A total replacement of the bridge deck, the study said, won't be necessary until 2040 and will cost an estimated $132 million. The study also reported that the excellent preventive maintenance done by the bridge was a major contributor to this postponing of the major replacement.

Mr. Becker said the International Bridge has made large annual investments in the health of its deck, spending $5,000 in 2007 in crack sealing and maintenance, $12,000 in 2008, and $8,000 in 2009.

"This is a very worthwhile investment to extend the deck service life," he said.

The Mackinac Bridge Authority has hired Modjeski and Masters to complete a $2 million study of its bridge deck, which should be done by August 2010.

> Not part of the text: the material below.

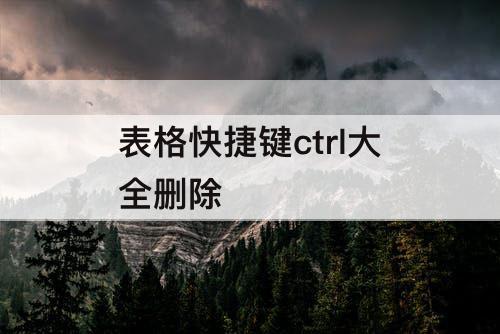 表格快捷键ctrl大全删除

The study will look at many variables, including accident history, comparisons to other large suspension bridges, maintenance history, service life of existing decks, deterioration of the deck and support structure, alternatives for both repair and replacement, aerodynamic data on replacement options, traffic during a major construction process, and overall asset management in relation to maintenance.

The deck on the Mackinac Bridge includes a concrete deck with an asphalt overlay on both approach spans, a filled bridge deck with asphalt overlay on the outside lanes of the center span, and an open steel grid deck on the center span's inside lanes.

International Bridge Authority members asked Mackinac Bridge staff how they will collect information from other bridges.

Mackinac Bridge Authority member Murray Wikol offered to share information received from Parsons about a year ago that shows information about eight bridges, including core samples, degradation, and life span.